[[ Material provided, beginning ]]
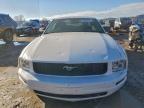 Lot #3304641947 2005 FORD MUSTANG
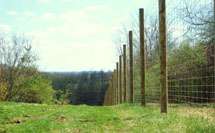 Deer Fence picture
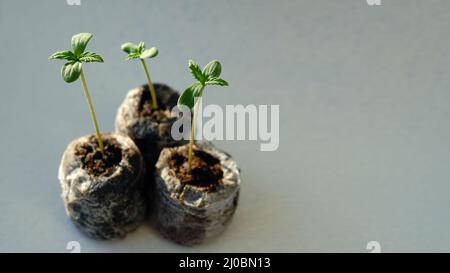 Cannabis sprouts close up. Fresh young marijuana seedling. Growing plant on light background. Stock Photo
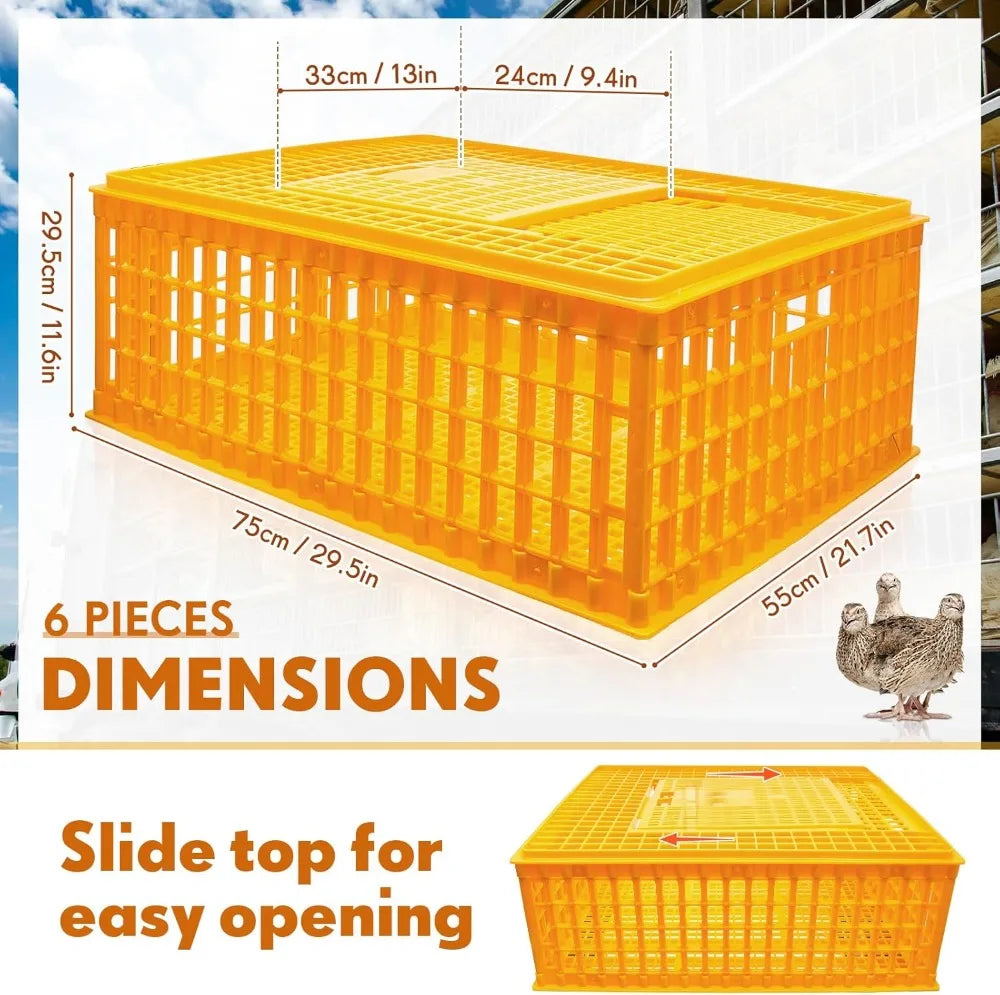 Plastic Poultry Carrier Crate 2-Pack, 29.5x21.7x11.6 Inch Chicken Transport Cage for Birds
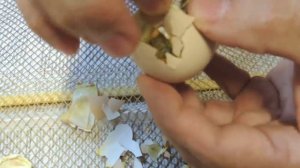 Из одного яйца вылупилось 2 цыпленка!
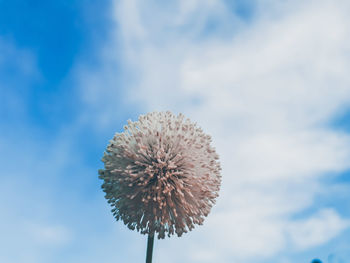 Close-up of dandelion against sky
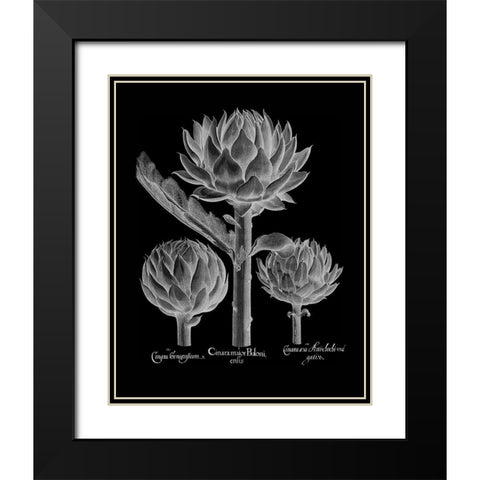 Cinera Boloni Black Modern Wood Framed Art Print with Double Matting by Besler, Basilius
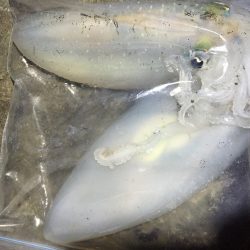 短時間エギング…。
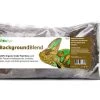 The BioDude Background Blend, 6qt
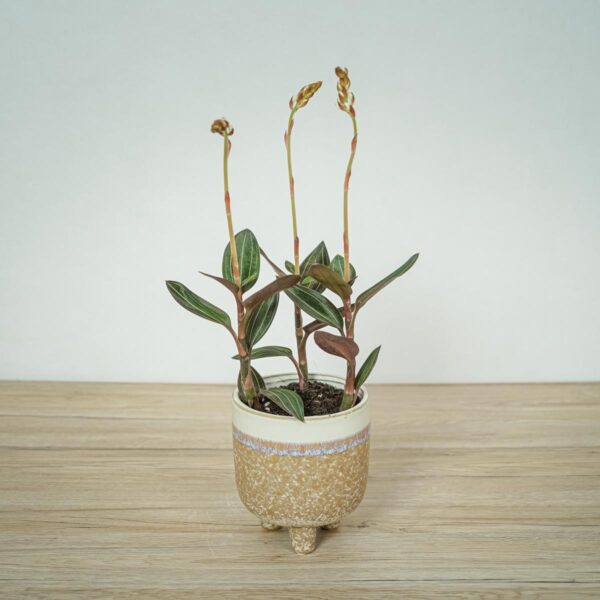 storczyk-ludisia-discolor-jewel-orchid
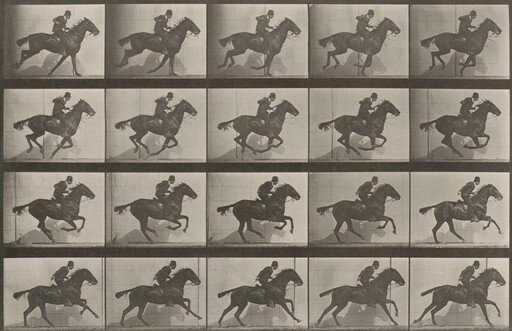 Plate Number 628. "Daisy" galloping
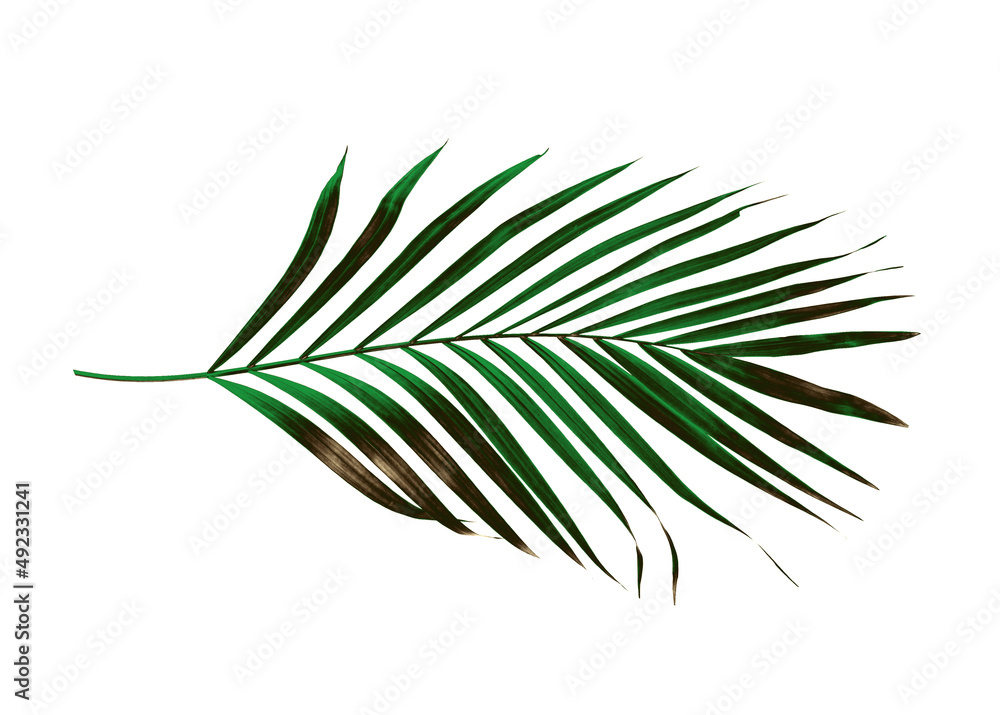 Fototapeta premium Green leaf of palm tree isolated on white background
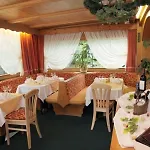 Hotell Alpenhof 3*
[[ Material provided, end ]]
## Work instruction
Copy each line of the records above exactly as written. Do not carry over any picture.

## Solution for this task
 Lot #3304641947 2005 FORD MUSTANG
 Deer Fence picture
 Cannabis sprouts close up. Fresh young marijuana seedling. Growing plant on light background. Stock Photo
 Plastic Poultry Carrier Crate 2-Pack, 29.5x21.7x11.6 Inch Chicken Transport Cage for Birds
 Из одного яйца вылупилось 2 цыпленка!
 Close-up of dandelion against sky
 Cinera Boloni Black Modern Wood Framed Art Print with Double Matting by Besler, Basilius
 短時間エギング…。
 The BioDude Background Blend, 6qt
 storczyk-ludisia-discolor-jewel-orchid
 Plate Number 628. "Daisy" galloping
 Fototapeta premium Green leaf of palm tree isolated on white background
 Hotell Alpenhof 3*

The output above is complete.